Running online evaluations

Online evaluations provide real-time feedback on your production traces. This is useful to continuously monitor the performance of your application—to identify issues, measure improvements, and ensure consistent quality over time. There are two types of online evaluations supported in LangSmith:

LLM-as-a-judge: Use an LLM to evaluate traces as a scalable substitute for human-like judgment (e.g., toxicity, hallucinations, correctness). Supports two different levels of granularity:
- Run level: Evaluate a single run.
- Thread level: Evaluate all traces in a thread.
Custom Code: Write an evaluator in Python directly in LangSmith. Often used for validating structure or statistical properties of your data.

When an online evaluator runs on any run within a trace, the trace will be auto-upgraded to extended data retention. This upgrade will impact trace pricing, but ensures that traces meeting your evaluation criteria (typically those most valuable for analysis) are preserved for investigation.

View online evaluators

Head to the Tracing Projects tab and select a tracing project.
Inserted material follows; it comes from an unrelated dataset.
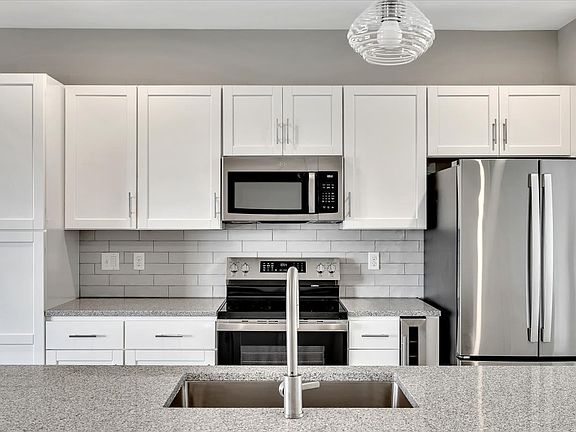 4th image of 1000 Zenith Ln #1101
To view existing online evaluators for that project, click on the Evaluators tab.

Configure online evaluators

1. Navigate to online evaluators

Head to the Tracing Projects tab and select a tracing project. Click on + New in the top right corner of the tracing project page, then click on New Evaluator. Select the evaluator you want to configure.

2. Name your evaluator

3. Create a filter

For example, you may want to apply specific evaluators based on:

Runs where a user left feedback indicating the response was unsatisfactory.
Runs that invoke a specific tool call. See filtering for tool calls for more information.
Runs that match a particular piece of metadata (e.g. if you log traces with a plan_type and only want to run evaluations on traces from your enterprise customers). See adding metadata to your traces for more information.

Filters on evaluators work the same way as when you’re filtering traces in a project. For more information on filters, you can refer to this guide.
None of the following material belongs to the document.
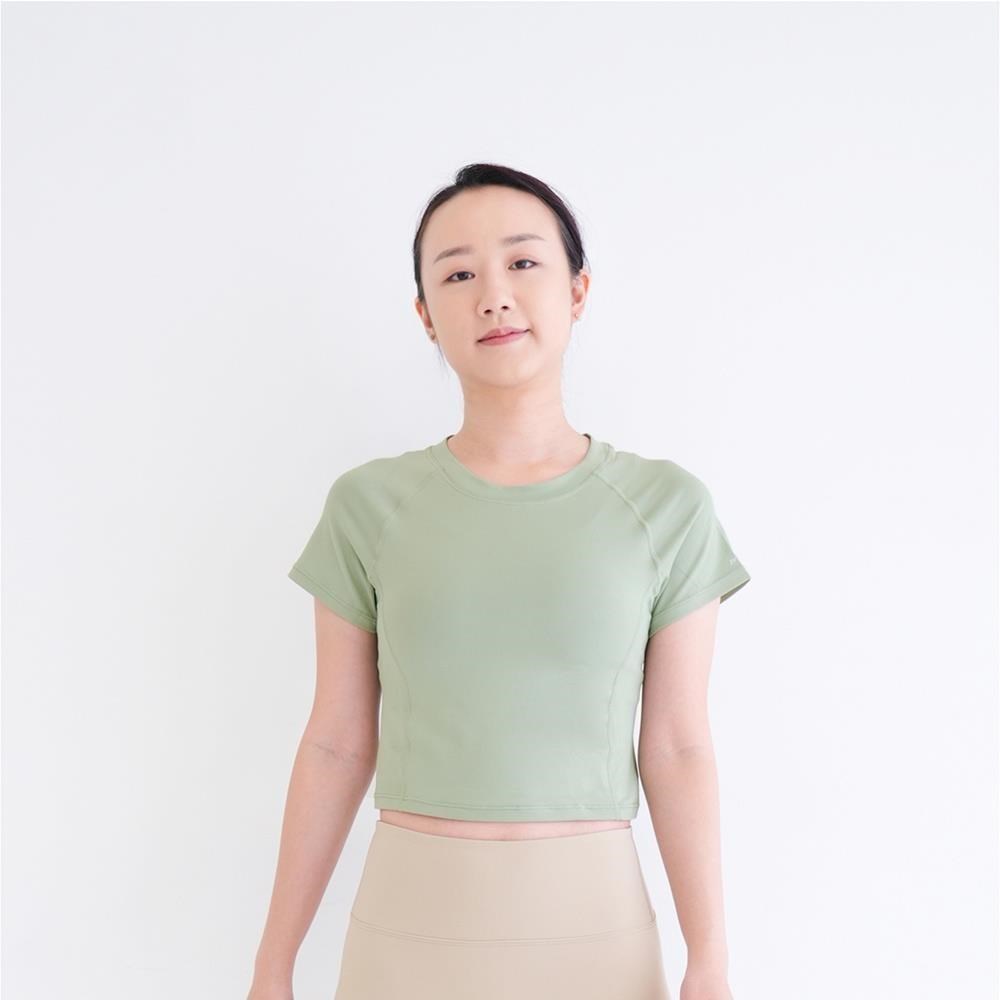 Mukasa DURABLE 接邊短袖短版上衣 - 松柏綠 - MUK-23043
It’s often helpful to inspect runs as you’re creating a filter for your evaluator. With the evaluator configuration panel open, you can inspect runs and apply filters to them. Any filters you apply to the runs table will automatically be reflected in filters on your evaluator.

4. (Optional) Configure a sampling rate

Configure a sampling rate to control the percentage of filtered runs that trigger the automation action. For example, to control costs, you may want to set a filter to only apply the evaluator to 10% of traces. In order to do this, you would set the sampling rate to 0.1.
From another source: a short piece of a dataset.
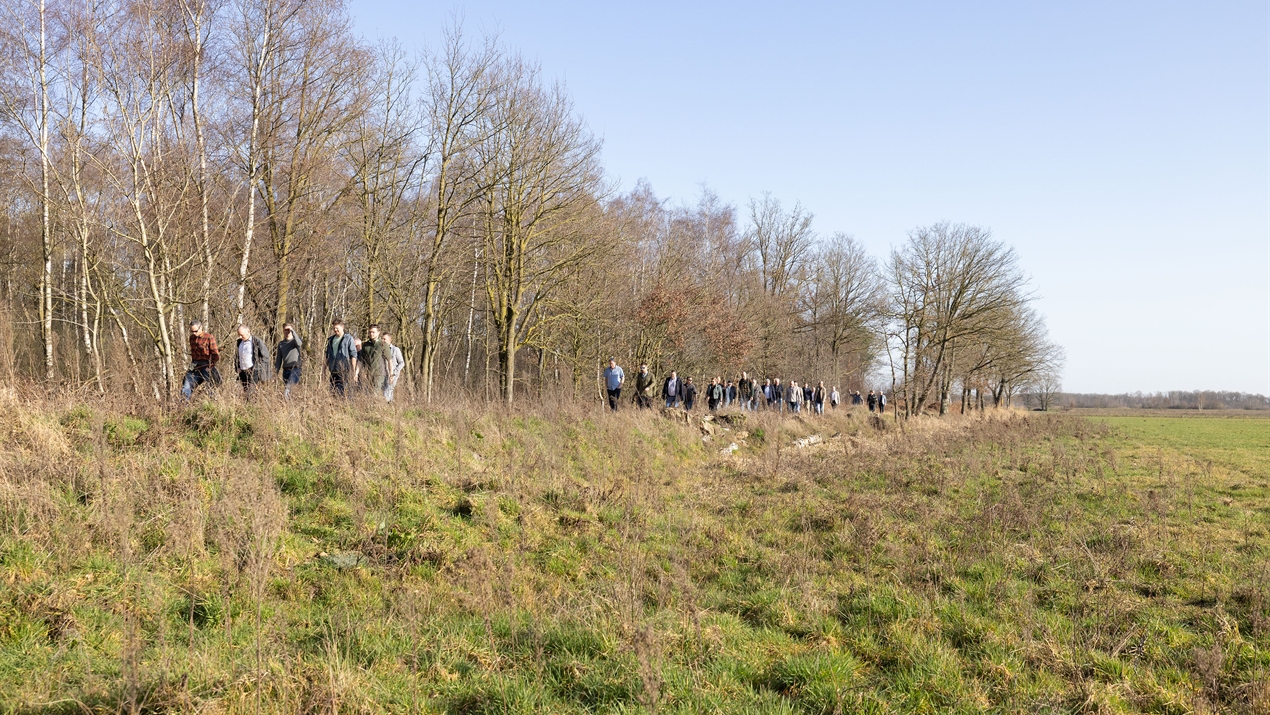 Tijdens een excursie laten boswachter en projectleider zien wat er veranderd is in het gebied.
5. (Optional) Apply rule to past runs

Apply rule to past runs by toggling the Apply to past runs and entering a “Backfill from” date. This is only possible upon rule creation. Note: the backfill is processed as a background job, so you will not see the results immediately. In order to track progress of the backfill, you can view logs for your evaluator by heading to the Evaluators tab within a tracing project and clicking the Logs button for the evaluator you created. Online evaluator logs are similar to automation rule logs.

Add an evaluator name
Optionally filter runs that you would like to apply your evaluator on or configure a sampling rate.
Select Apply Evaluator

6. Select evaluator type

Configuring LLM-as-a-judge evaluators
Configuring custom code evaluators

Configure a LLM-as-a-judge online evaluator

View this guide to configure an LLM-as-a-judge evaluator.

Configure a custom code evaluator

Select custom code evaluator.

Write your evaluation function

Custom code evaluators restrictions.Allowed Libraries: You can import all standard library functions, as well as the following public packages:

numpy (v2.2.2): "numpy"
pandas (v1.5.2): "pandas"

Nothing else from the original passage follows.